The suit continues, "As a result of misrepresentations like these," investors who purchased WestPoint stock between Feb. 10, 1999 and Oct. 10, 2000 "were tricked into paying more for the stock than it was actually worth."

Taking aim at key managers, it said that "during this period of artificial inflation," five former executives "took advantage of their insider status to sell hundreds of thousands of their own shares of WestPoint at artificially high prices for millions in proceeds." Specifically cited for trading activities were former cfo Morgan "Mac" Schuessler, former manufacturing chief Bill Crumley, former vp Dale Williams, and directors Gerald Mitchell and Charles McCall.

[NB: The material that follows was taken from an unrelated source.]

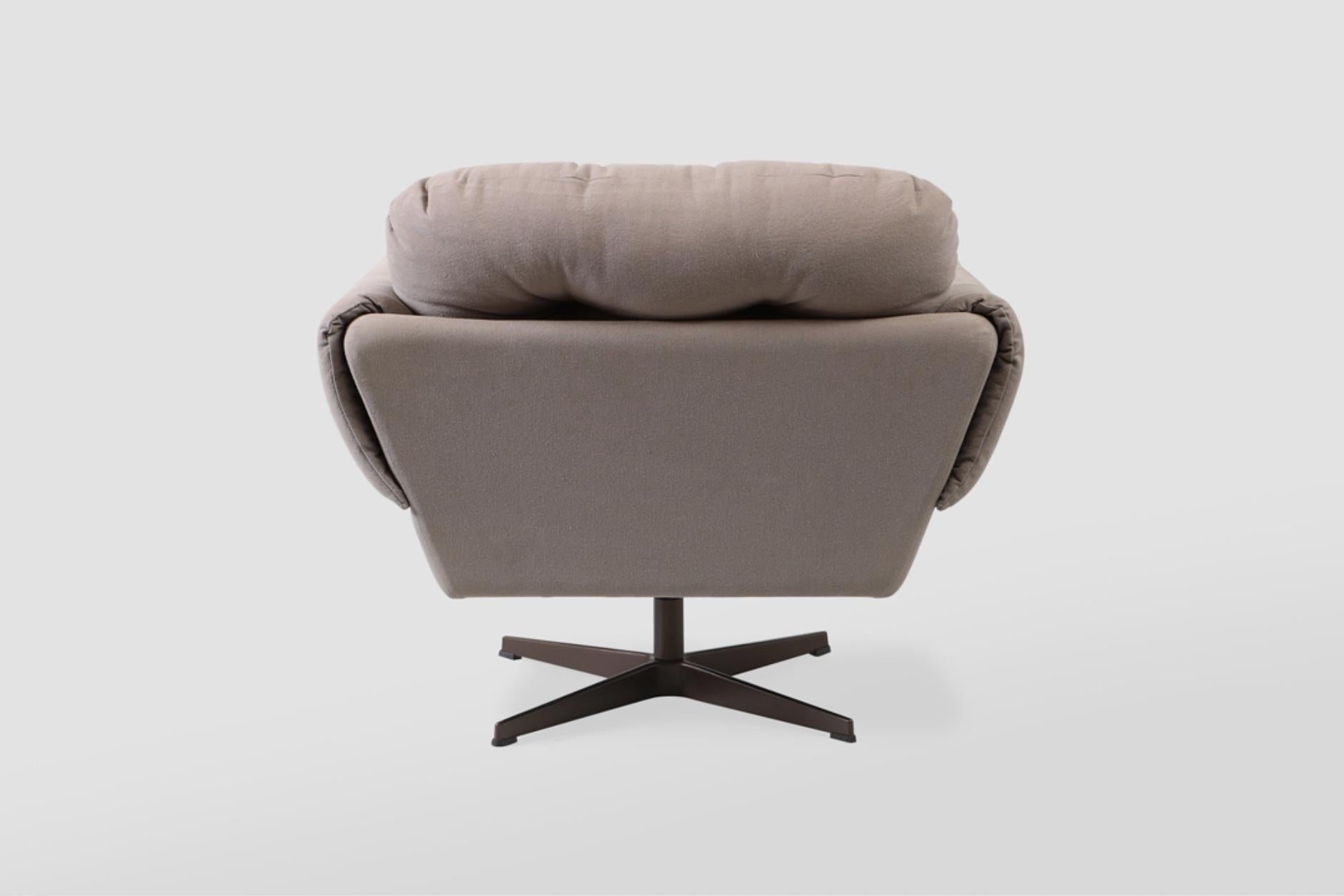 XXIe siècle et contemporain Fauteuil moderniste « Ro » tournant en vente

Shortly after selling their stock, the complaint charges, they "revealed that the company's sales had declined from prior periods, and earnings per share were far short of expectations. As a result of these announcements, shares of WestPoint fell to less than $9 a share after having traded at more than $34 per share earlier."

A separate law suit, filed by Cauley Geller Bowman & Coates of Little Rock, AR, similarly charges that WestPoint overstated its business.

Another securities fraud law suit was filed by Charles Piven of Baltimore and another by Milberg Weiss of San Diego.